* _Task brief_
The records that follow are to be repeated exactly, with the pictures removed.

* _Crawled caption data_
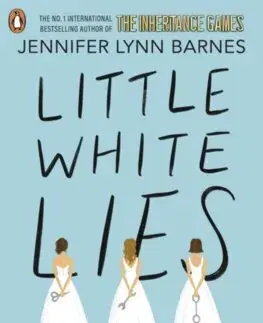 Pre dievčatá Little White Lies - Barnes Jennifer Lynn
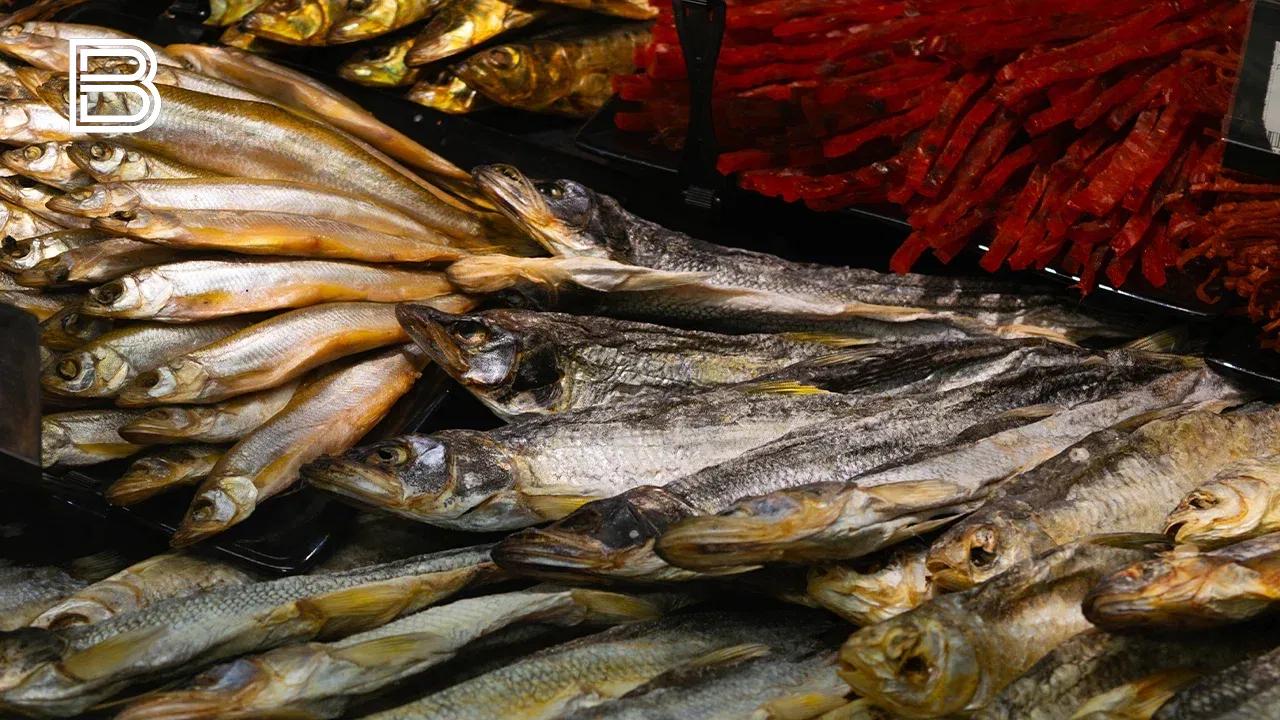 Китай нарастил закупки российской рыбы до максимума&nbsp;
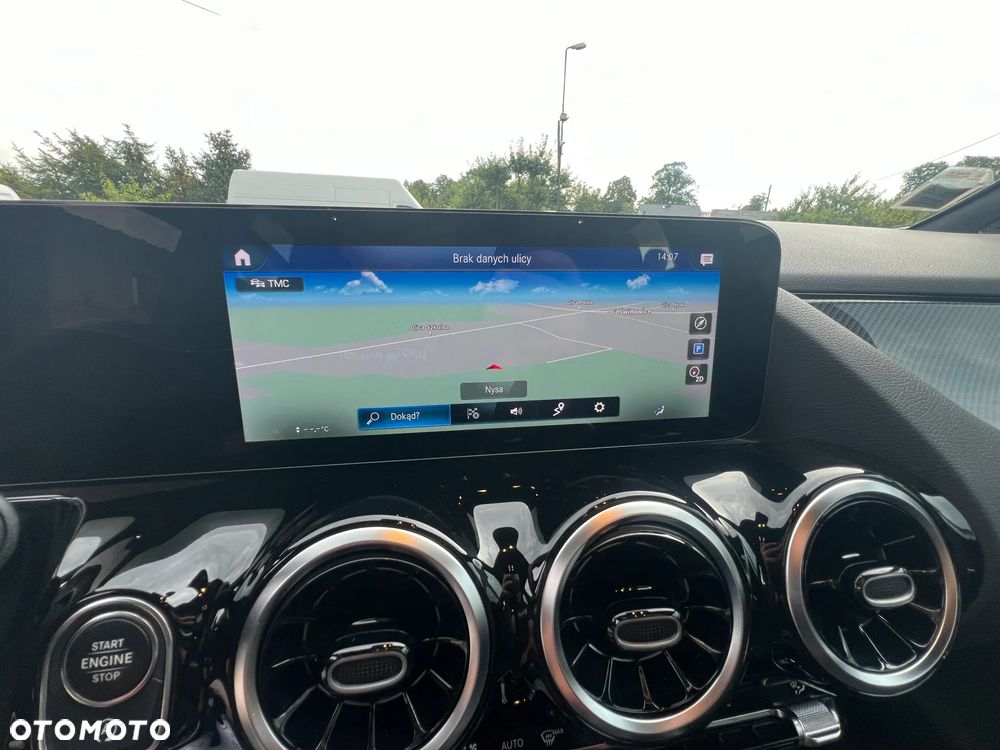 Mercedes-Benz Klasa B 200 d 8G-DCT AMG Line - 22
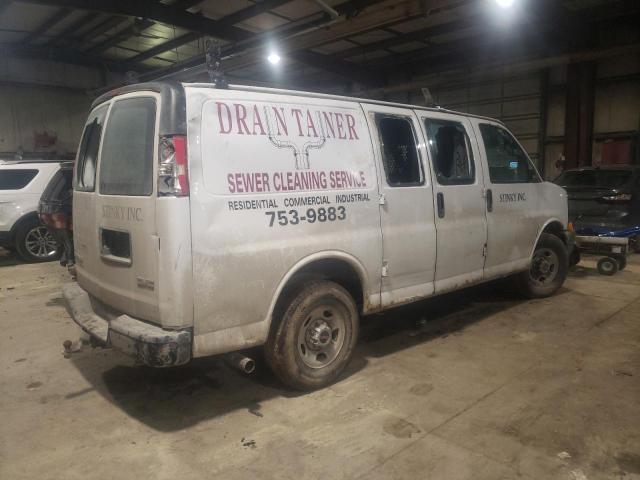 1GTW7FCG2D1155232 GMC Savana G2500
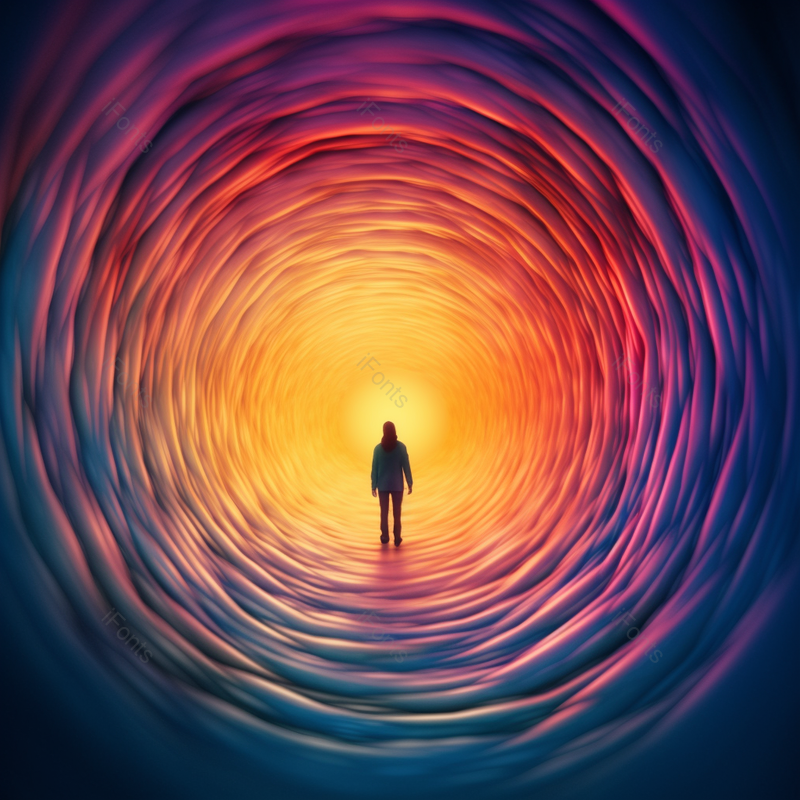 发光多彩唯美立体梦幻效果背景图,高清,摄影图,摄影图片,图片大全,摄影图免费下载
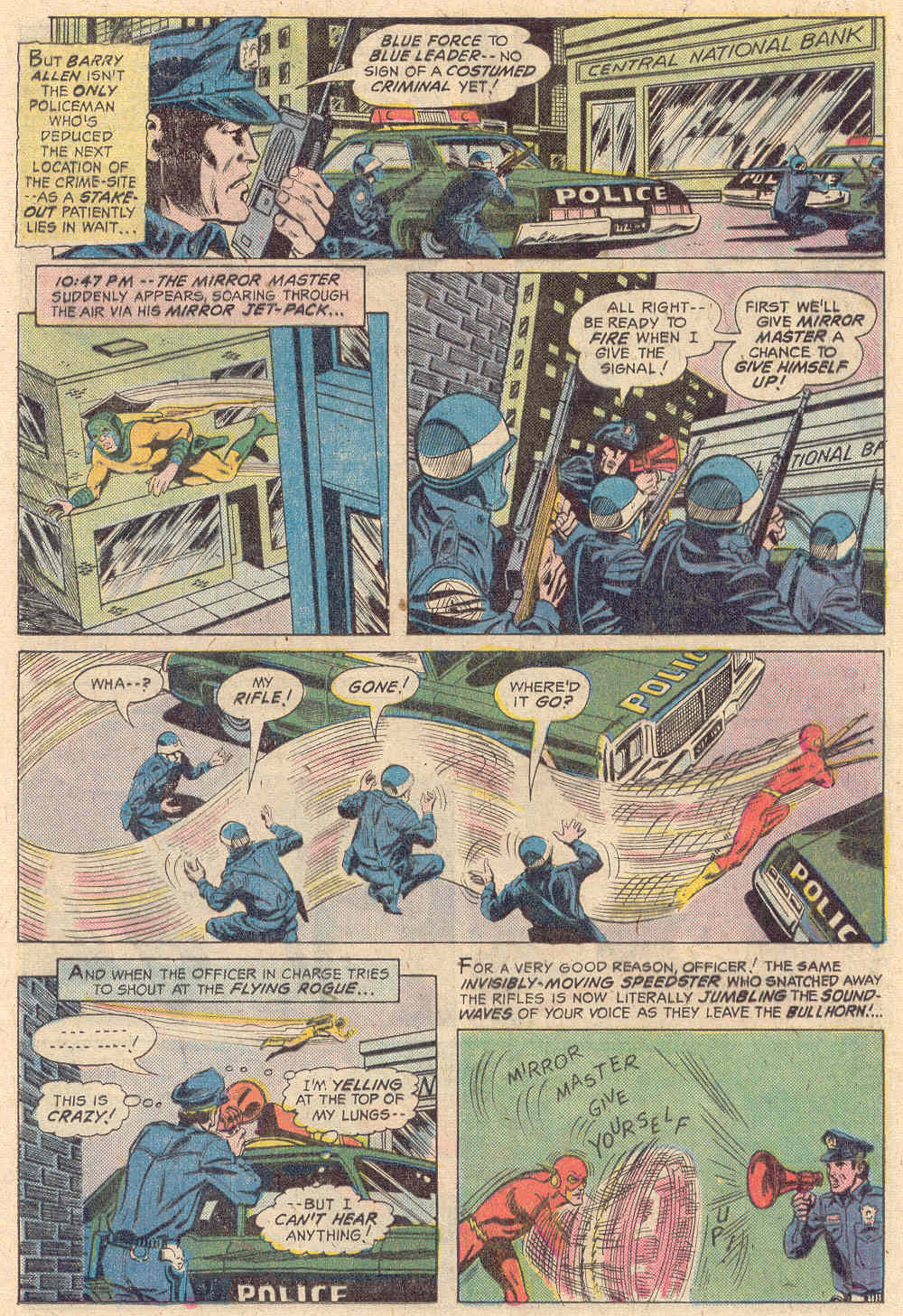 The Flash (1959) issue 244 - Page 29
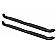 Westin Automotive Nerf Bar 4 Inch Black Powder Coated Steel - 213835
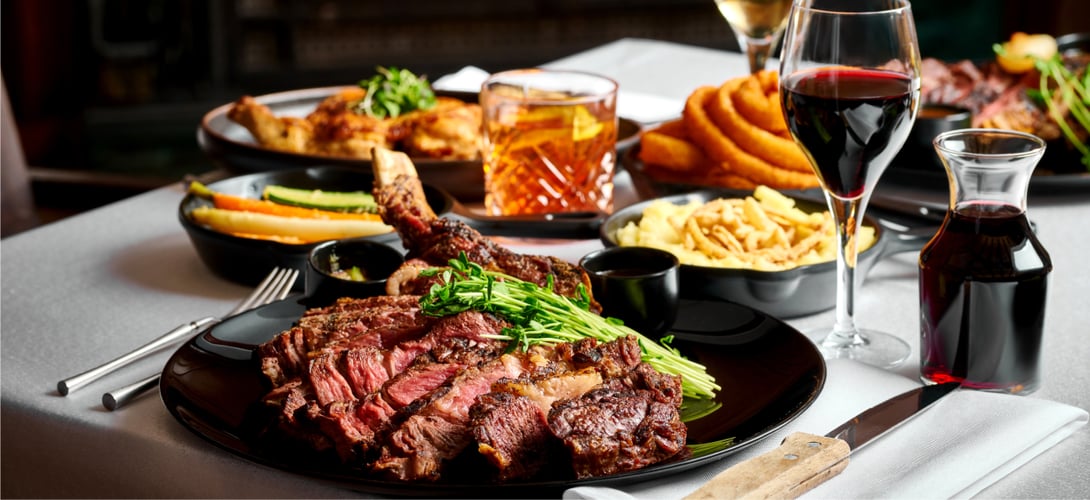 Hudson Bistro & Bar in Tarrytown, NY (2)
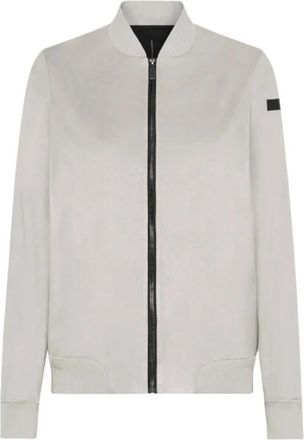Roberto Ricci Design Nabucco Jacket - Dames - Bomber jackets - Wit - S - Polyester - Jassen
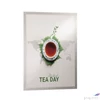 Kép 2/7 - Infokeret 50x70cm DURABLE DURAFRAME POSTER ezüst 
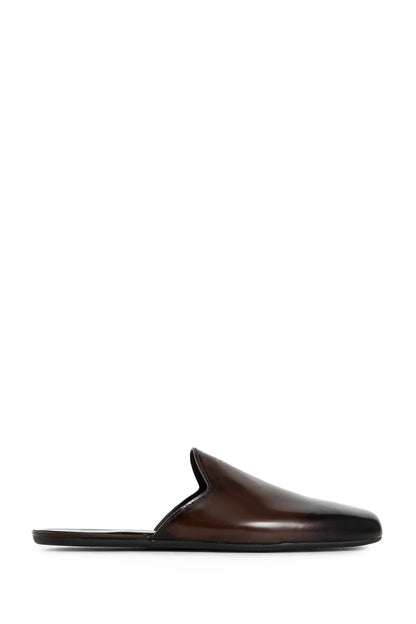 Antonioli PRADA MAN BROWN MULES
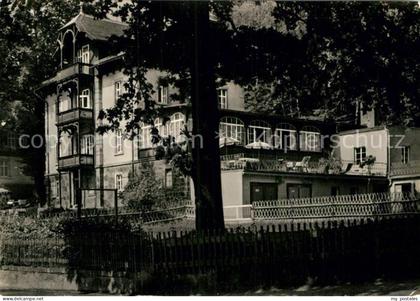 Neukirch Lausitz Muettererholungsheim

* _Written response_
 Pre dievčatá Little White Lies - Barnes Jennifer Lynn
 Китай нарастил закупки российской рыбы до максимума&nbsp;
 Mercedes-Benz Klasa B 200 d 8G-DCT AMG Line - 22
 1GTW7FCG2D1155232 GMC Savana G2500
 发光多彩唯美立体梦幻效果背景图,高清,摄影图,摄影图片,图片大全,摄影图免费下载
 The Flash (1959) issue 244 - Page 29
 Westin Automotive Nerf Bar 4 Inch Black Powder Coated Steel - 213835
 Hudson Bistro & Bar in Tarrytown, NY (2)
Roberto Ricci Design Nabucco Jacket - Dames - Bomber jackets - Wit - S - Polyester - Jassen
 Kép 2/7 - Infokeret 50x70cm DURABLE DURAFRAME POSTER ezüst 
 Antonioli PRADA MAN BROWN MULES
 Neukirch Lausitz Muettererholungsheim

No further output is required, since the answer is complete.